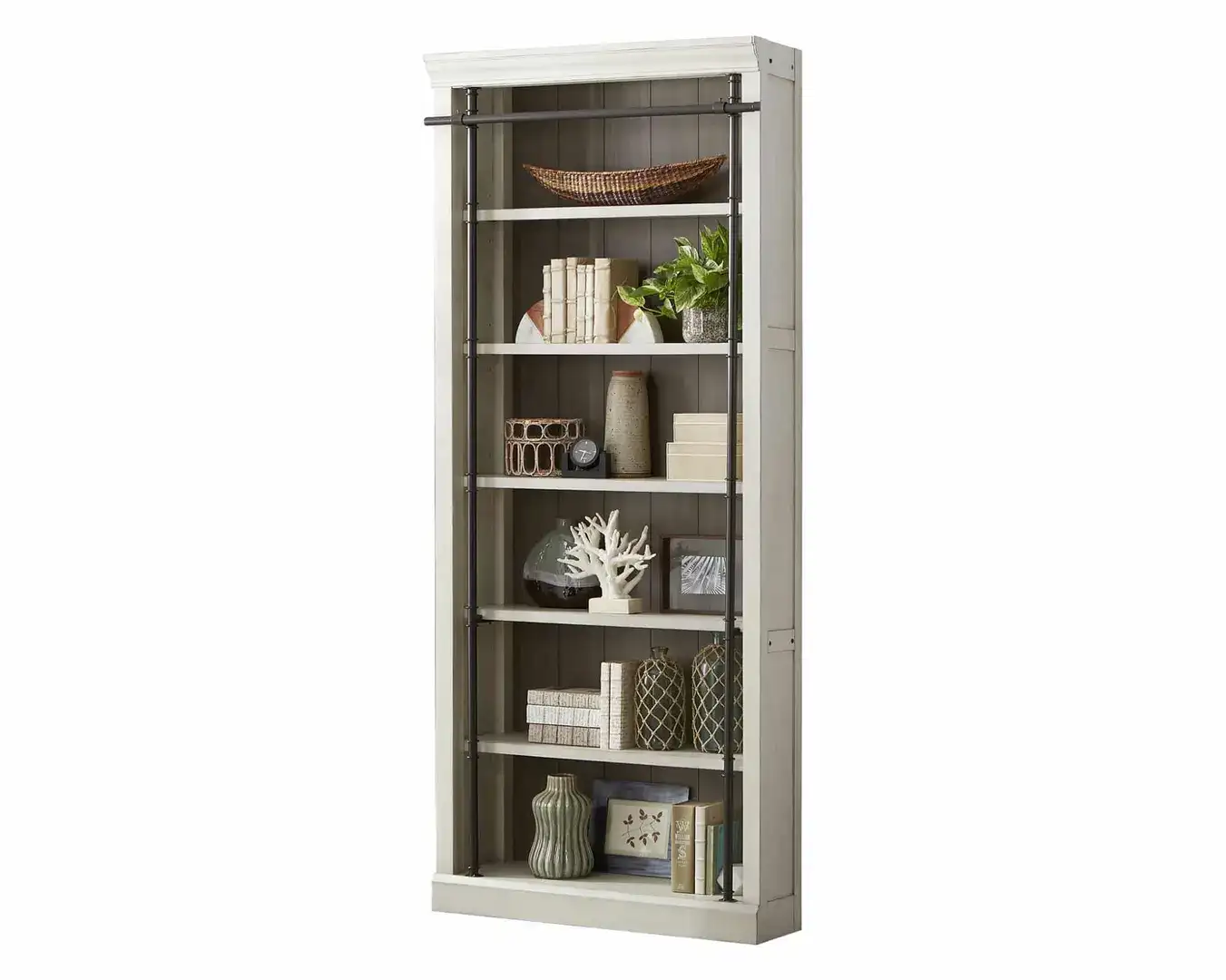homemakers-82544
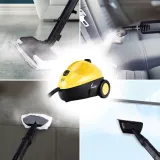 myjka-parowa-eldom-cm2000-1500w
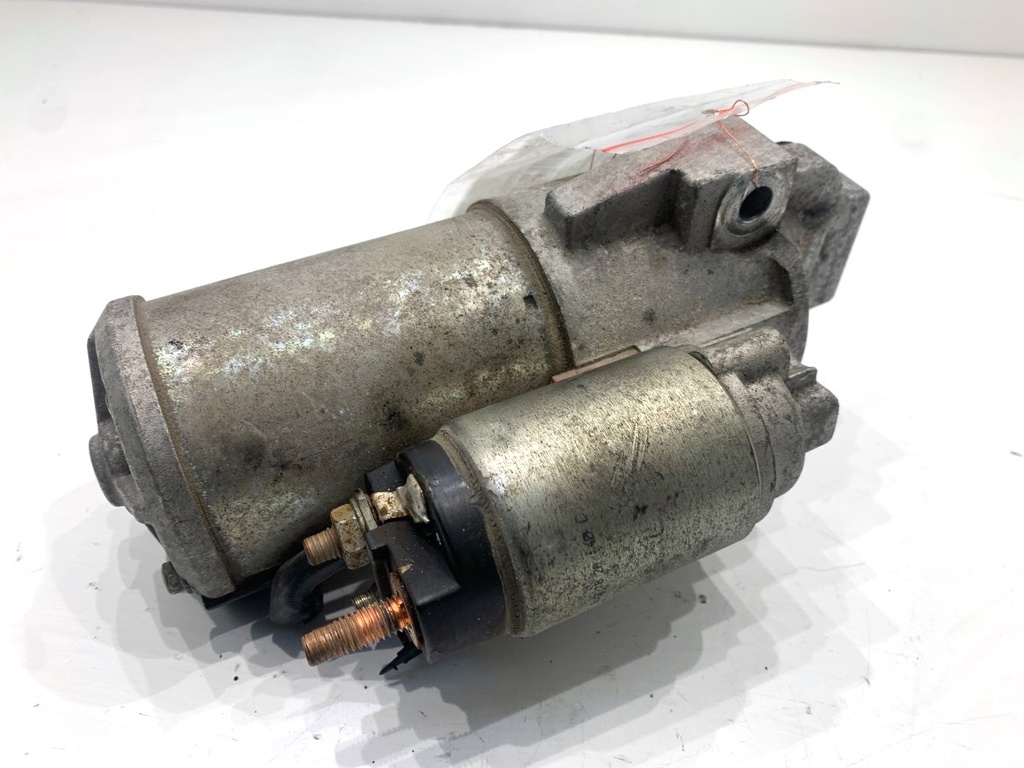 [STARK-864056] Motor de arranque FORD FOCUS IV Turnier (HP) 2.0 EcoBlue 110 kW (150 CV)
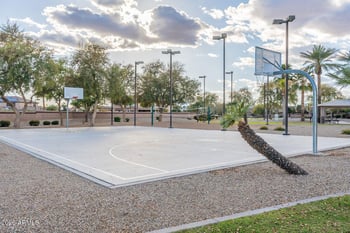 14559 W Poinsettia Dr, Surprise, AZ 85379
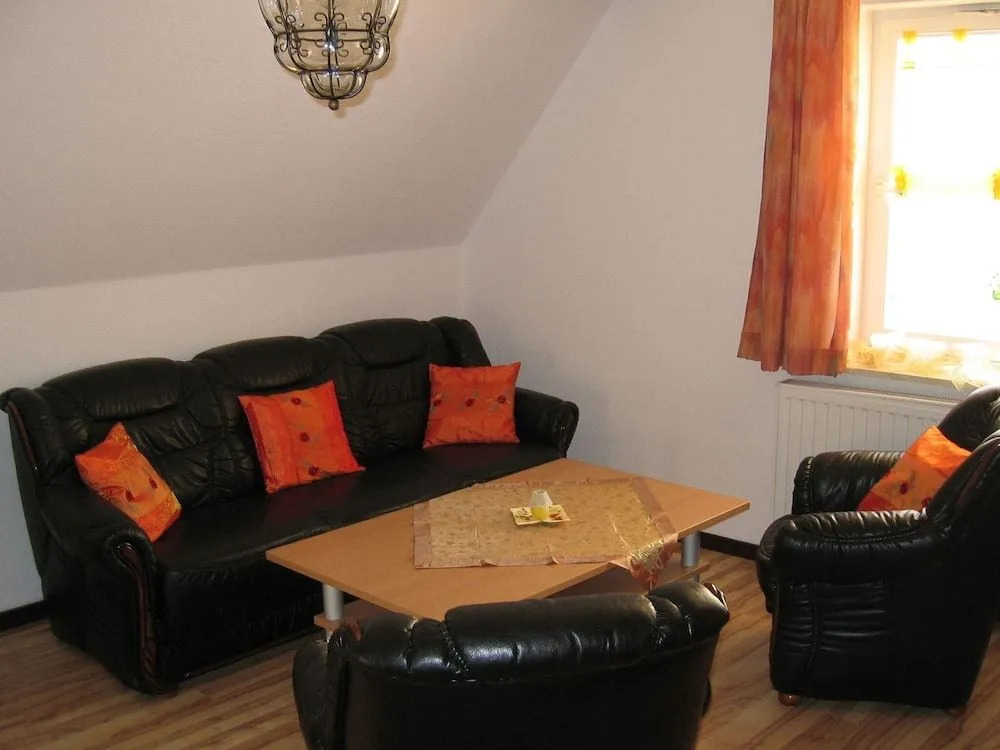 Group Getaway in Brilon-Wald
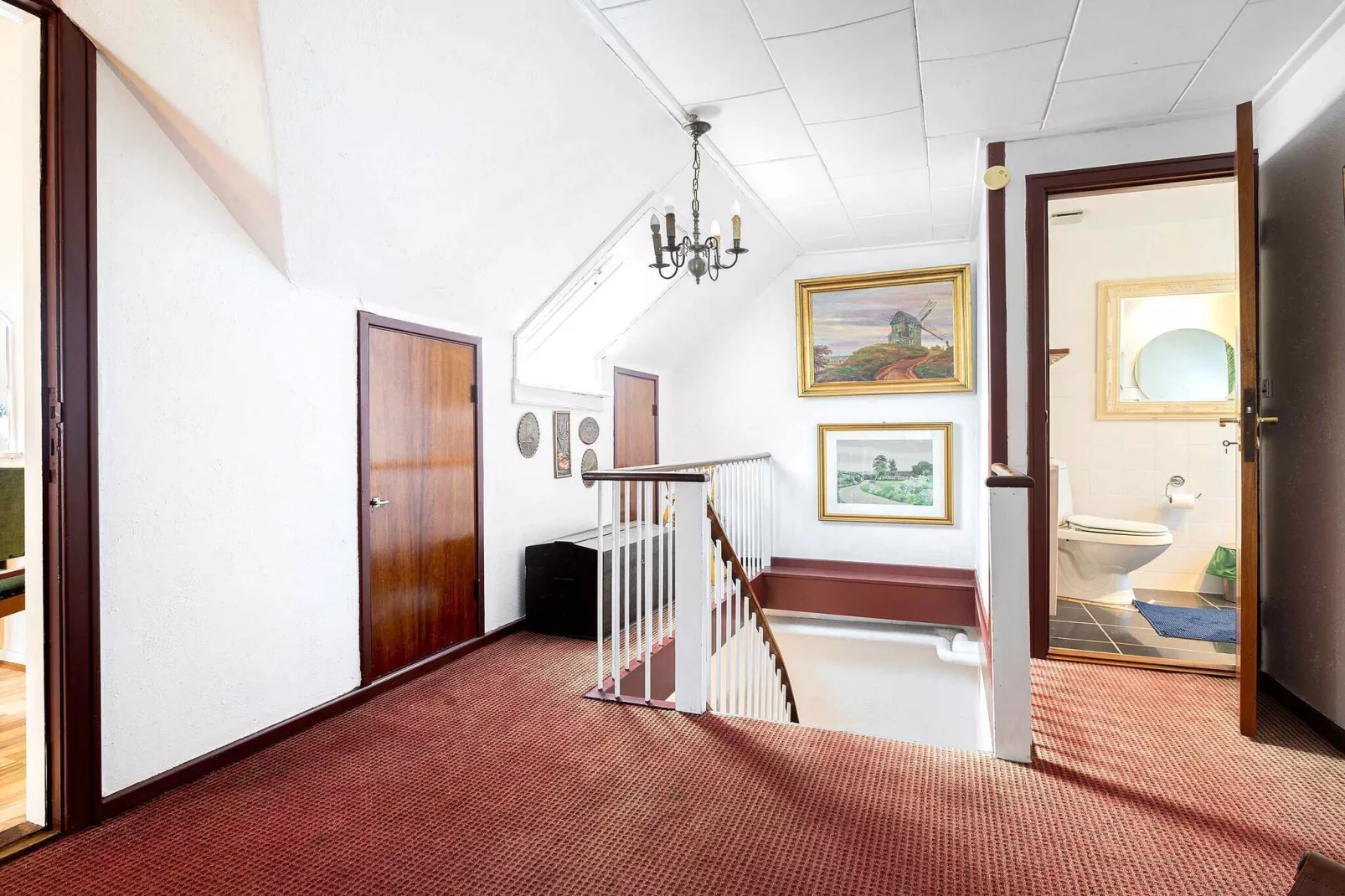 5 sterren vakantie huis in Bogense-Binnen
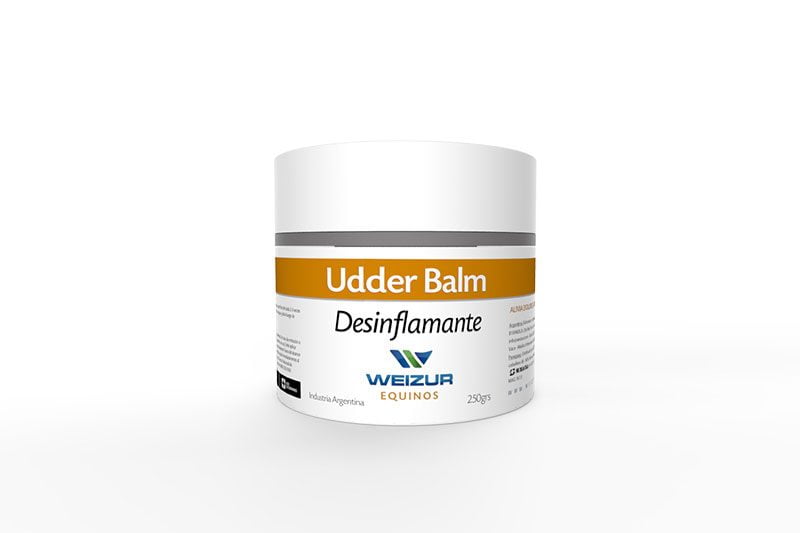 udderbalm-desinflamante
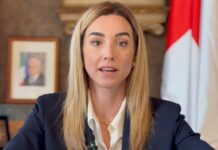 Crisi Amt, procura chiede fallimento. Salis: senza l’intervento del Comune sarebbe fallita silvia salis auguri capodanno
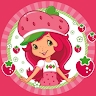 Anne DC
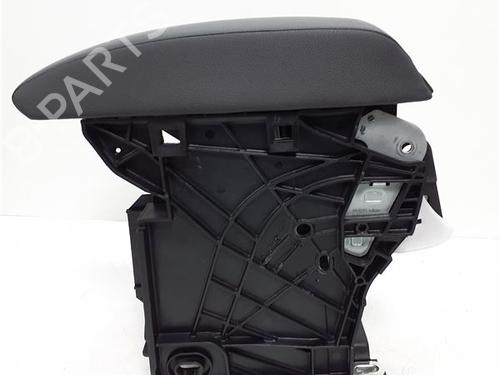 Cup/Object holder SEAT LEON ST (5F8) 2.0 Cupra | BP38382097I37 - Image 6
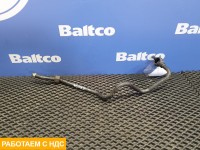 Трубка гидроусилителя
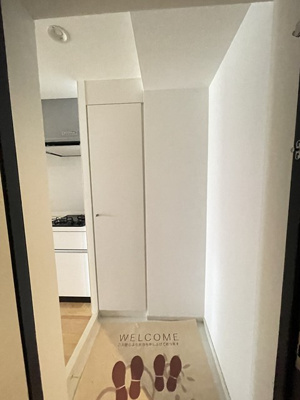 【その他】 | COZY阿由知通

---

• _DIRECTIONS FOR THIS TASK_: Render the data above verbatim and without pictures.

• _ANSWER_:
homemakers-82544
 myjka-parowa-eldom-cm2000-1500w
 [STARK-864056] Motor de arranque FORD FOCUS IV Turnier (HP) 2.0 EcoBlue 110 kW (150 CV)
 14559 W Poinsettia Dr, Surprise, AZ 85379
 Group Getaway in Brilon-Wald
 5 sterren vakantie huis in Bogense-Binnen
 udderbalm-desinflamante
 Crisi Amt, procura chiede fallimento. Salis: senza l’intervento del Comune sarebbe fallita silvia salis auguri capodanno
 Anne DC
 Cup/Object holder SEAT LEON ST (5F8) 2.0 Cupra | BP38382097I37 - Image 6
 Трубка гидроусилителя
 【その他】 | COZY阿由知通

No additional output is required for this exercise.